* [THE INPUT]:

^^^^^^^^^^^^^^^^

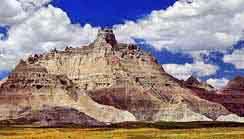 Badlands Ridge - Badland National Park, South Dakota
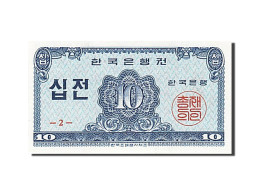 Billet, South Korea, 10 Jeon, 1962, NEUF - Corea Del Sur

^^^^^^^^^^^^^^^^

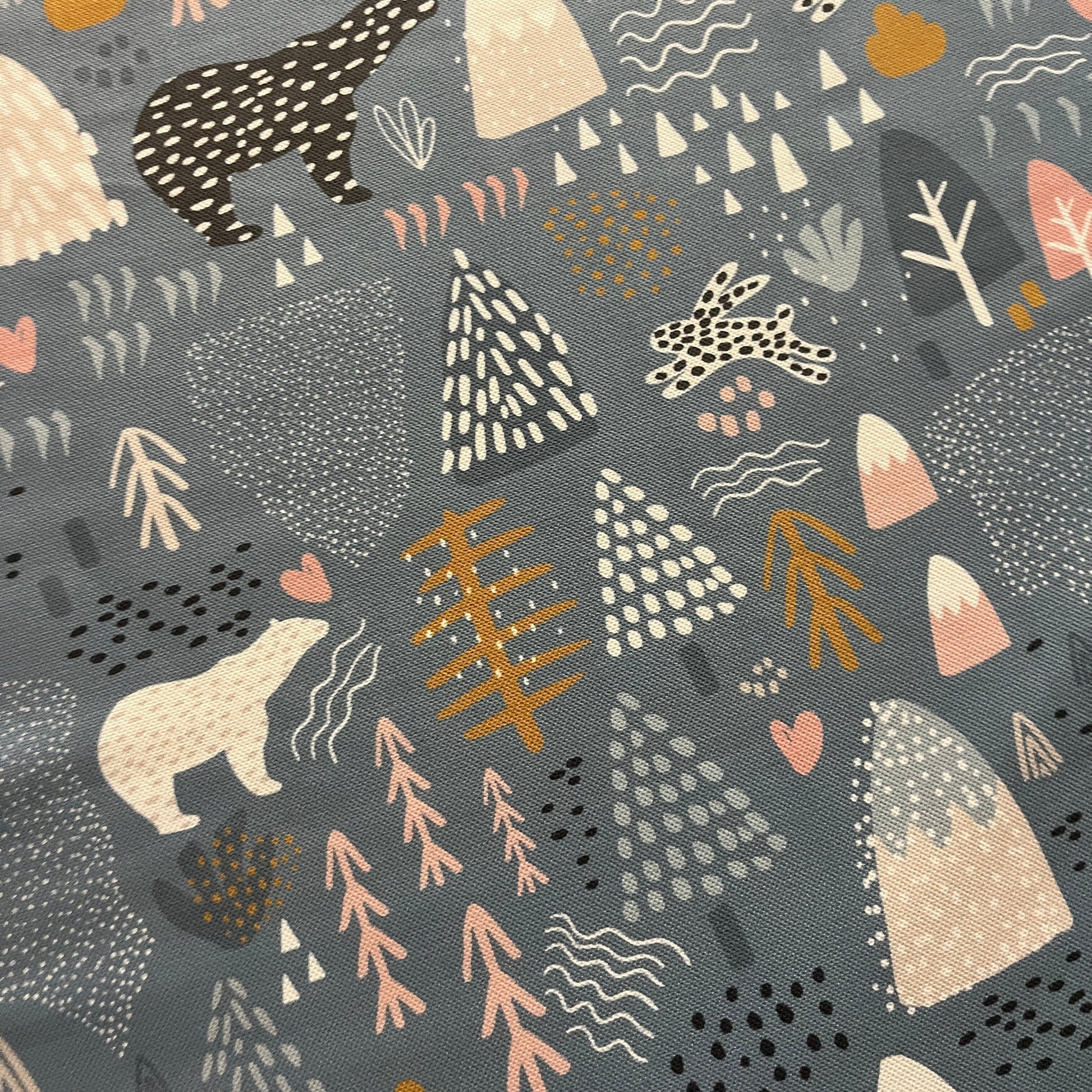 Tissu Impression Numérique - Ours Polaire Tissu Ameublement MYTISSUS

^^^^^^^^^^^^^^^^

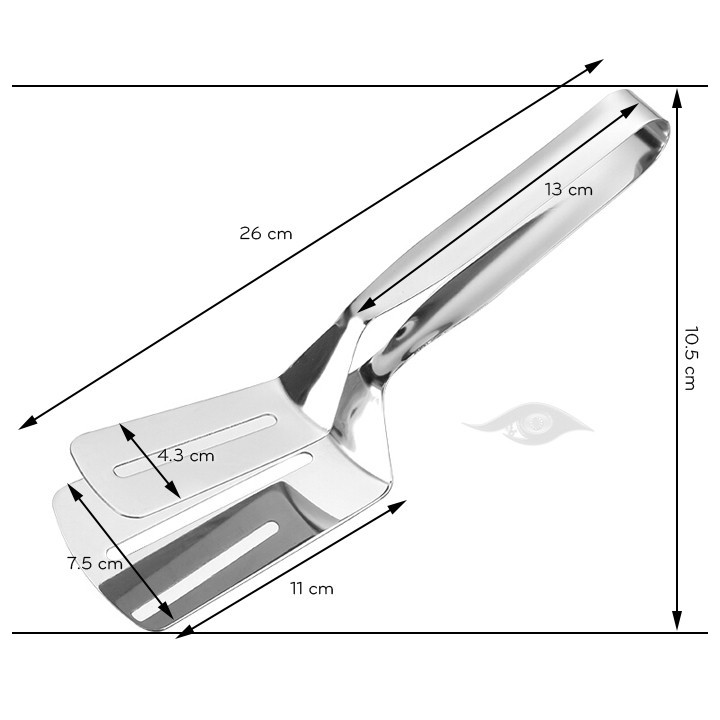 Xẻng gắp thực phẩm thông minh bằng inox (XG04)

^^^^^^^^^^^^^^^^

* [GOAL OF THE EXERCISE]:
Given the listing above, repeat exactly the lines starting at the one with "Badlands Ridge - Badland" and ending at the one with "Billet, South Korea, 10", inclusive, excluding pictures.

* [FINISHED TASK]:
 Badlands Ridge - Badland National Park, South Dakota
 Billet, South Korea, 10 Jeon, 1962, NEUF - Corea Del Sur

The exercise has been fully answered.